━━ INFORMATION GIVEN

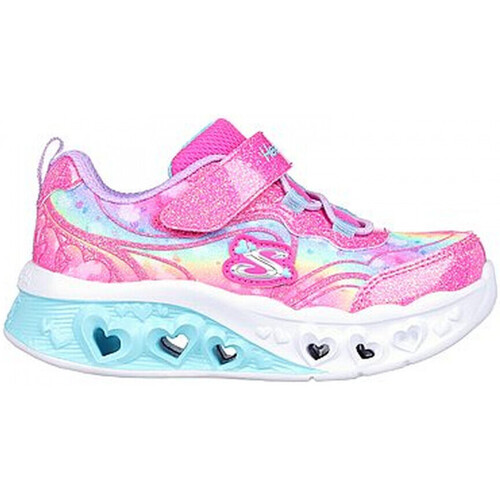 Chaussures Enfant Volleyball Shoes & Knee pads are Skechers Flutter heart lights - groovy Rose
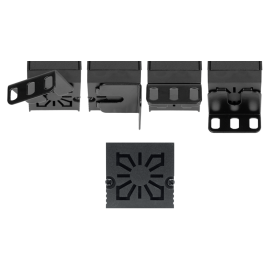 Steffen Multiprise ALU MODULAR SILVER, 5 x T13, minuterie numérique, 10 A, IP20, câble de 3 m, argent/noir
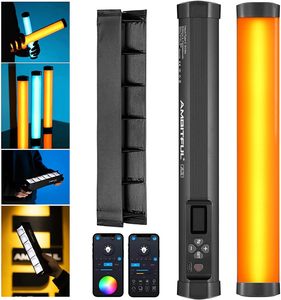 AMBITFUL A2 หลอดไฟ RGB สีเต็มรูปแบบ, CRI 95 TLCI 97 สีที่แม่นยํา, ปรับได้ 2500k-8500K (ซอฟท์บ็อกซ์ตาราง A2 + SA-25) - Product Image 1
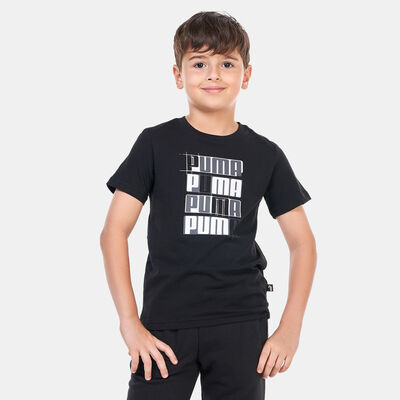 PUMA Kids' Essentials+ Logo Lab T-Shirt Black PUMA Kids' Essentials+ Logo Lab T-Shirt Black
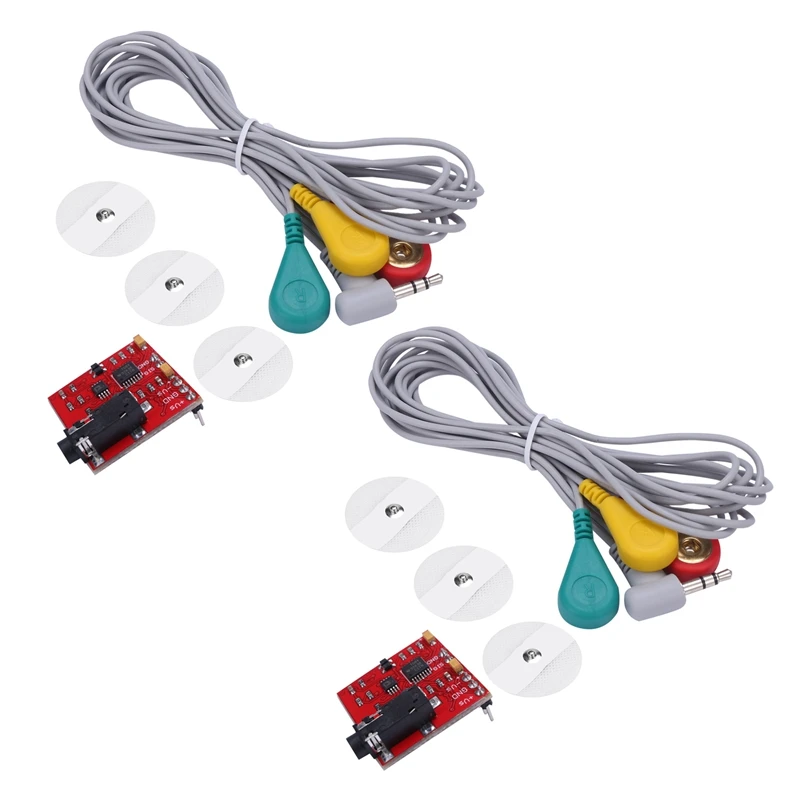 2X Muscle Signal Sensor Emg Sensor Controller Detects Muscle Activity For Arduino
2X Muscle Signal Sensor Emg Sensor Controller Detects Muscle Activity For Arduino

━━━━

▶ ASSIGNED TASK:
Each line from the one that contains "PUMA Kids' Essentials+ Logo Lab T-Shirt Black PUMA" through the end of the records should be restated exactly; include both end lines and leave any pictures out.

▶ EXERCISE OUTPUT:
 PUMA Kids' Essentials+ Logo Lab T-Shirt Black PUMA Kids' Essentials+ Logo Lab T-Shirt Black
 2X Muscle Signal Sensor Emg Sensor Controller Detects Muscle Activity For Arduino
2X Muscle Signal Sensor Emg Sensor Controller Detects Muscle Activity For Arduino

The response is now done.